A Seasonal Message From The Onion

One of the longest winters on record has drawn to a close. As the snow melts away and warm breezes begin blowing through the new season, the American people will begin the slow process of healing themselves from the psychological and spiritual ravages of the coldest and hardest months. In or-der for this heal-ing process to be carried out as quickly as pos-sible, The Onion appeals to the citizenry to do their duty by taking a good, long, deep breath; rolling up their sleeves; and getting to work on their fucking.

For nearly half a year we have been cooped up inside, usually with the same few people, rebreathing the same stale air and wearing too many bulky clothes. The slow hands of despair have crushed our hearts in a deathgrip of windchill and the soul–killing reek of unwashed scarves. Now, spring is here, bringing with it the most fuck-conducive weather there is.
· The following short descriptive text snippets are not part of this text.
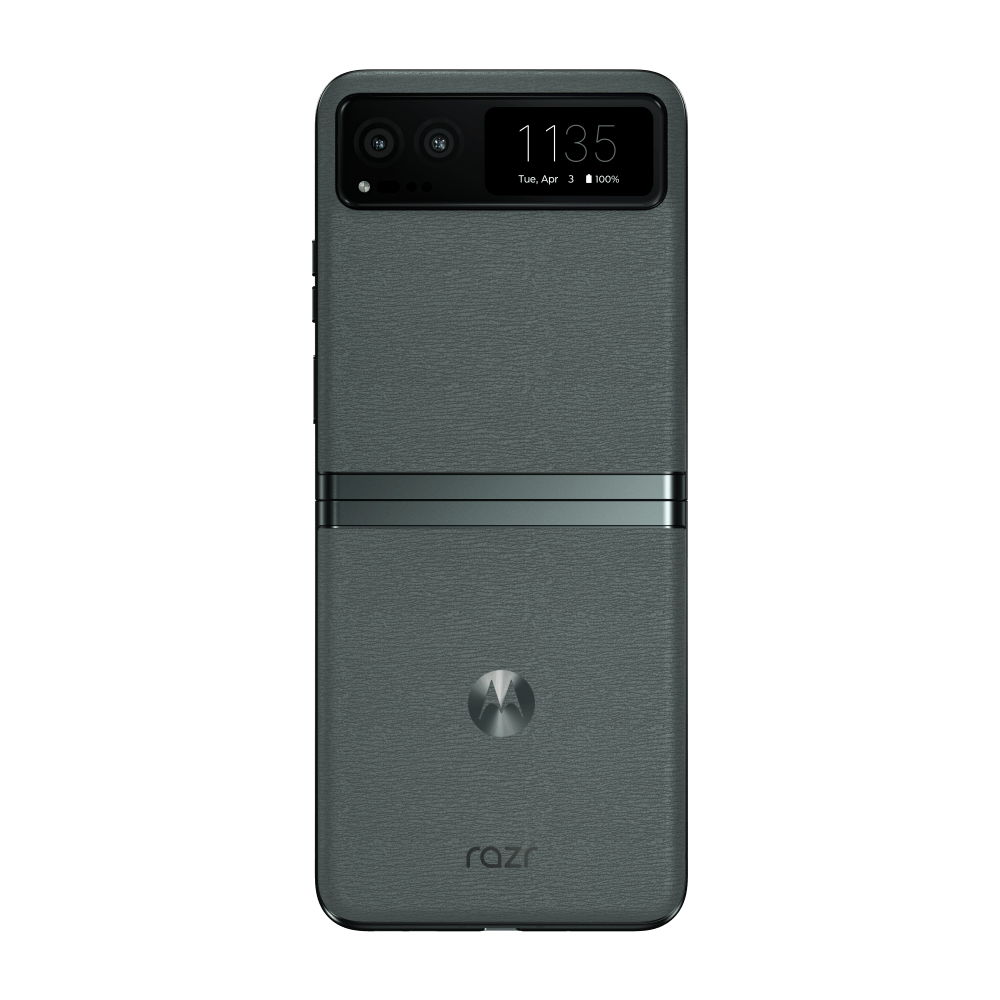 Купить Motorola RAZR 40 - 5G Smartphone - Dual-SIM - RAM 8 GB / Interner Speicher 256 GB - pOLED-Display - 6.9" - 2640 x 1080 Pixel (144 Hz) - 2 x Rückkamera 64 MP, 13 MP - front camera 32 MP - Sage Green (PAYA0003SE) в магазине wardena.ru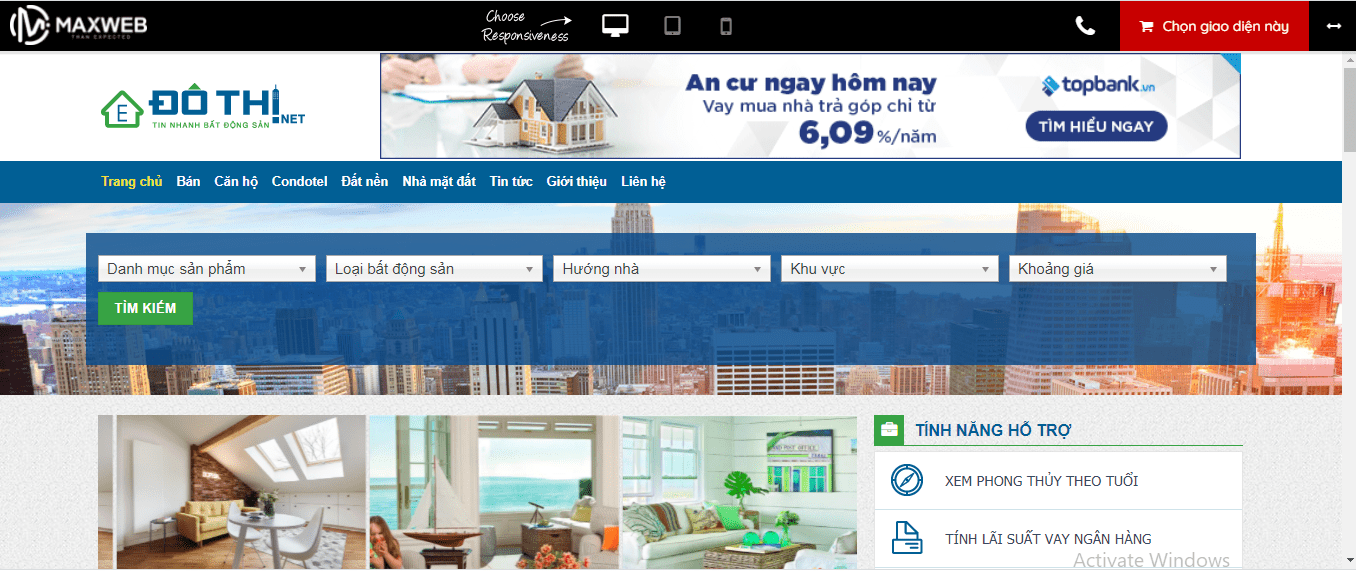 Khả năng tìm kiếm website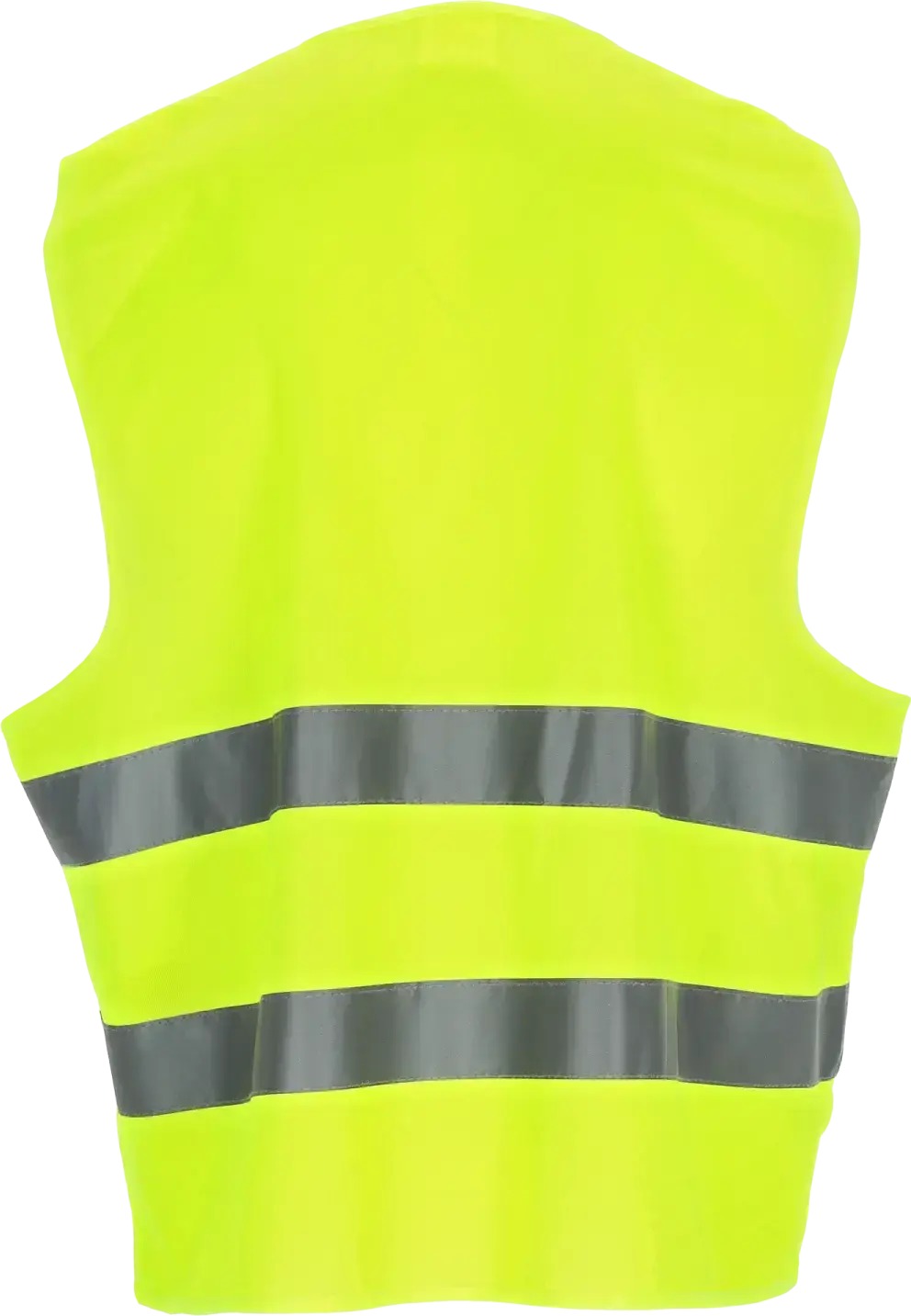 High-visibility vest SHINE 2XL Yellow STALCO S-42084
When the air is narcotically fresh and warm but the ground is lousy with mud and thawing dog crap, it’s time to go back inside, throw those windows open, tear those stifling dusty blankets off the bed, and commence fucking! You’ll be glad you did.

Everyone knows that, for pure fun, you can’t beat the simple good times to be had while fucking. There are few thoughts the human mind enjoys thinking as much as, “Hey! It’s spring and I’m fucking!” Awkward differences between individuals disappear when those people take to fucking, and suddenly little things like divergent musical tastes, conflicting political philosophies or incompatible peer groups don’t seem to matter a tinker’s damn. What matters is the jolly fucking and the fact that the snow has gone away. Life can be reduced to its essentials and a sense of perspective can be regained, all thanks to the power of fucking.

In our national struggle to end the winter doldrums, we must not ignore the fact that the power of fucking and the healing power of spring are actually one and the same. Chaucer, Thoreau, and Winston Churchill each praised the power of spring in his own time, but their praise is really meant to celebrate the transcendent power of fucking in a world magically changed by the seasons. All of nature feels the call of spring whispered softly in the ears of beast and bird alike: “Spring is here– let’s fuck!” For much of nature, this is a method of replacing members of the species lost over the long winter. Fortunately, our species has recently advanced to the point where we are no longer required to use fucking for purely reproductive purposes. Properly executed, fucking is a celebration of life akin to spring itself. We are truly fortunate to be able to include fucking in the bag of tricks which makes us human.

Please, take the afternoon off, take out those storm windows, take off your clothes, and fuck! None of this smarmy “lovemaking,” please, and none of that brutish “porking,” either. Just good old athletic fucking, thank you very much!

Now, get fucking, citizens, and put an end to this spiritual malaise that threatens to end our very way of life.